Smith was sentenced under the provisions of the First Offender Statute, OCGA § 42-8-64, which is a final, appealable order or judgment. Littlejohn v. State, 185 Ga. App. 31 ( 363 S.E.2d 327) (1987).
Smith has enumerated three errors regarding the motion to suppress, alleging the court erred because: 1) the "warrant was changed or amended by a magistrate other than the magistrate issuing the warrant"; 2) "the warrant [did] not particularly describe the place or person, or both, to be searched and things to be seized"; and 3) "the magistrate made a determination of probable cause from the facts contained in the affidavit which were false at the time the warrant was issued."
The motion to suppress filed below, however, does not raise the ground alleged in the first enumeration and it presents nothing for our review. Harris v. State, 168 Ga. App. 159 ( 308 S.E.2d 406) (1983).
The motion, in paragraphs 11 and 12, does adequately raise the issues in the second and third enumerations, because there it is contended that the search was "illegally executed on the unit 1206 . . . as it had been amended from unit 1204 by the officer executing it and was therefore invalid . . ."; and was "illegally executed on unit 1206 instead of 1204 . . . as it had been amended by the officer executing it, more than 4 hours after its issuance which was more than adequate time to obtain another search warrant, pursuant to Delaney v. State, 135 Ga. App. 612 ( 218 S.E.2d 318) (1975)."

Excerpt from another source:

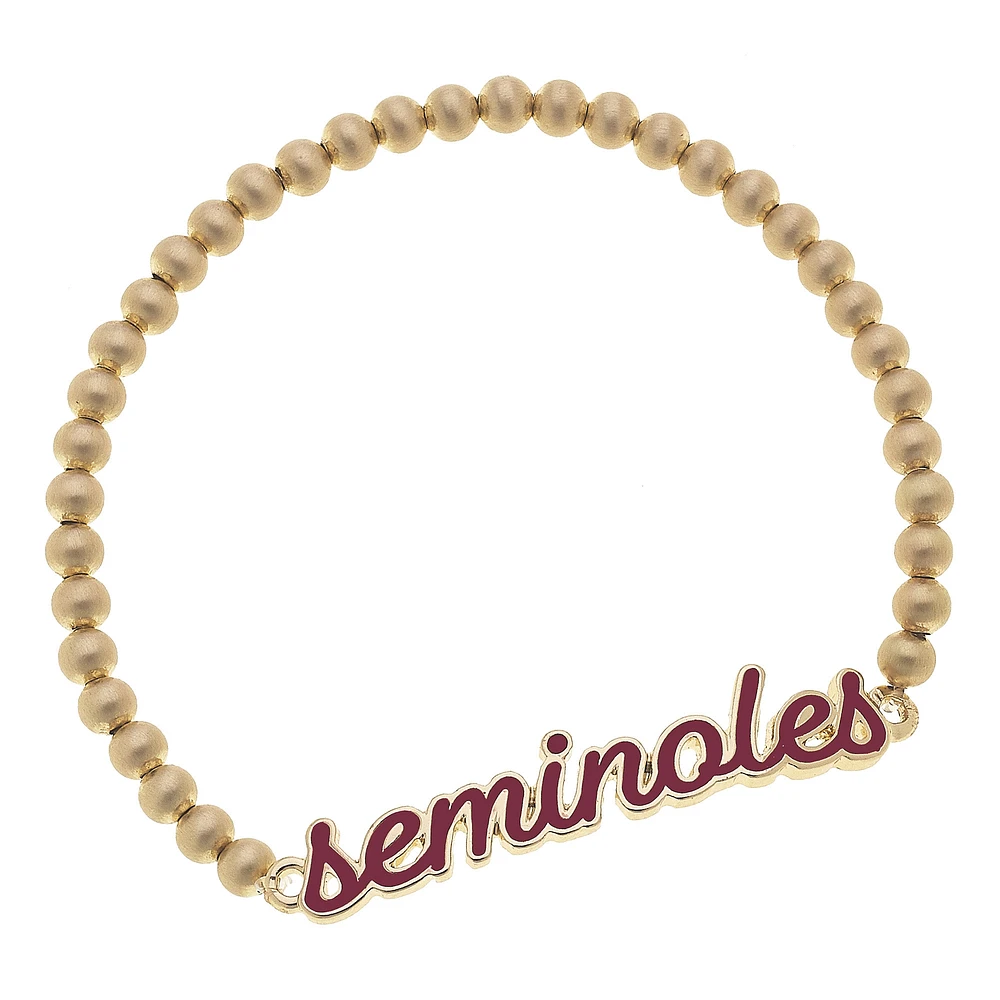 Women' CANVAS Style Florida State Seminoles Enamel Script Ball Bead Stretch Bracelet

The premises to be searched were originally identified in typewriting as "2242 Walton Lane # 1204, City of Atlanta, DeKalb County, Georgia." As explained by Detective McCord during the hearing on the motion, an undercover buy using a confidential informant had been made and was the factual premise upon which the warrant was sought. Apartment # 1204 was provided by the informant to the officers as the correct number. The officers had watched the informant go in and out of what was really apartment # 1206, next door to # 1204, but relied on the informant for the number. After Magistrate Malicki issued the warrant and just prior to executing it, the officers made another controlled buy from the same apartment and realized that it was, in fact, # 1206. Officer McCord then returned to the court and attempted to locate Judge Malicki, but was unsuccessful. He did locate Judge Mickle and explained the situation to him. Judge Mickle looked over the affidavit and Detective McCord swore to the truth of the contents. Judge Mickle instructed the officer to change the numeric identification of the apartment in his presence. The change was made, dated, and initialed by both the officer and Judge Mickle.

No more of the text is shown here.